# Problem description
Return the listing in full and exactly, but without a single picture.

# Material provided
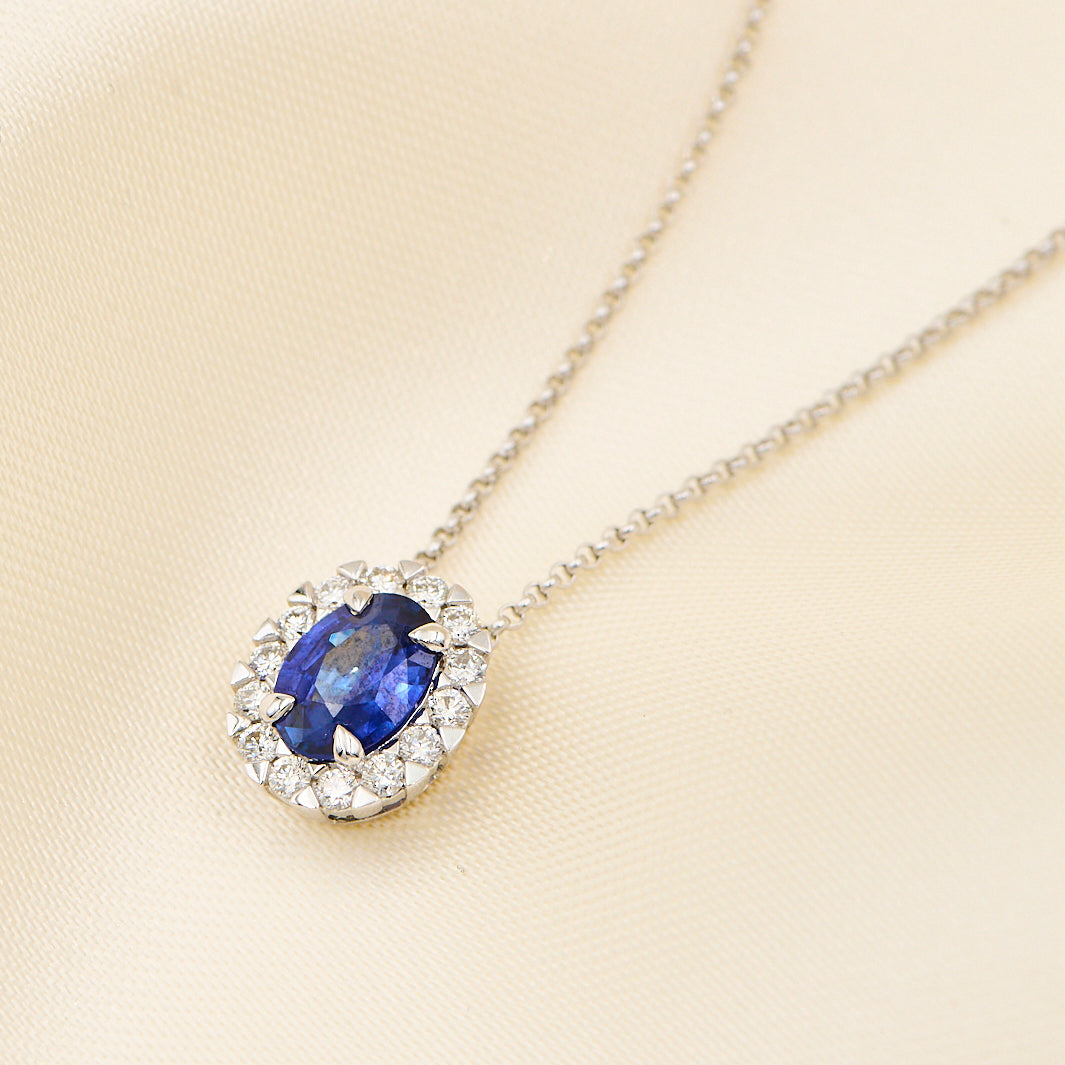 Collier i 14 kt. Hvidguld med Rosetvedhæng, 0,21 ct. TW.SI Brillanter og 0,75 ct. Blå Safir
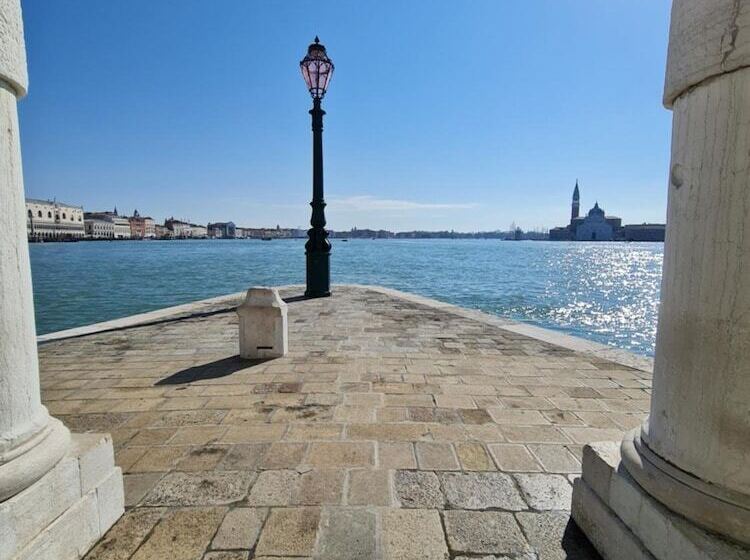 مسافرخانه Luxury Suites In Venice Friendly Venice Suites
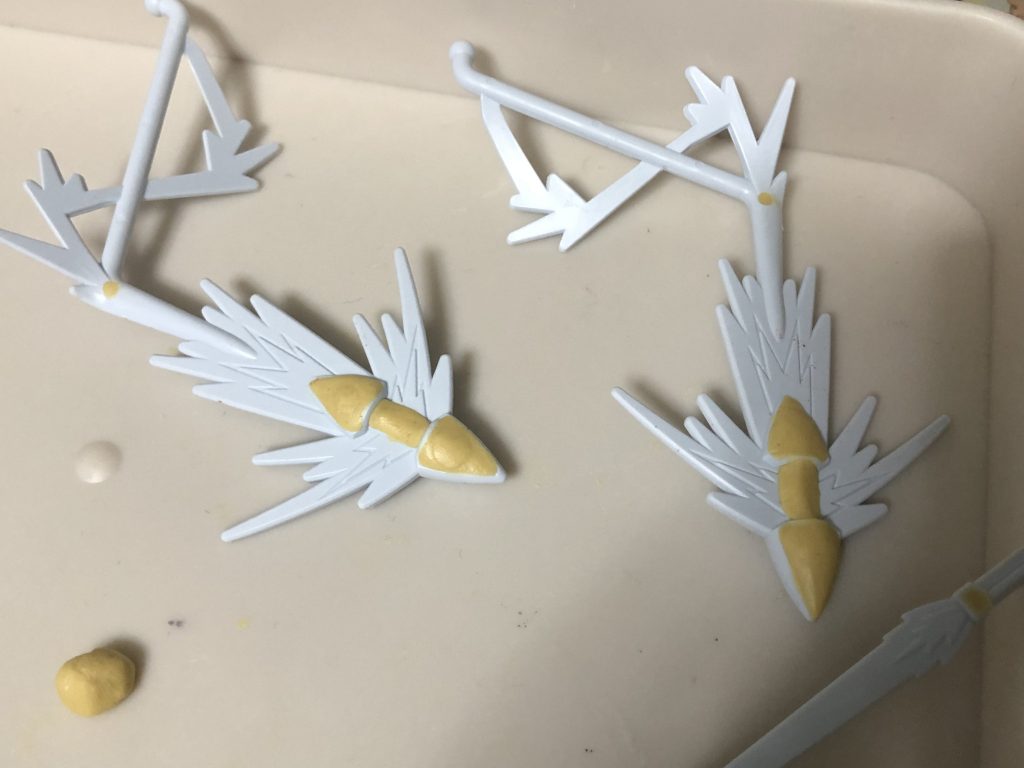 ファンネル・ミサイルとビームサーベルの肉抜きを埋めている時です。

# Response box
 Collier i 14 kt. Hvidguld med Rosetvedhæng, 0,21 ct. TW.SI Brillanter og 0,75 ct. Blå Safir
 مسافرخانه Luxury Suites In Venice Friendly Venice Suites
 ファンネル・ミサイルとビームサーベルの肉抜きを埋めている時です。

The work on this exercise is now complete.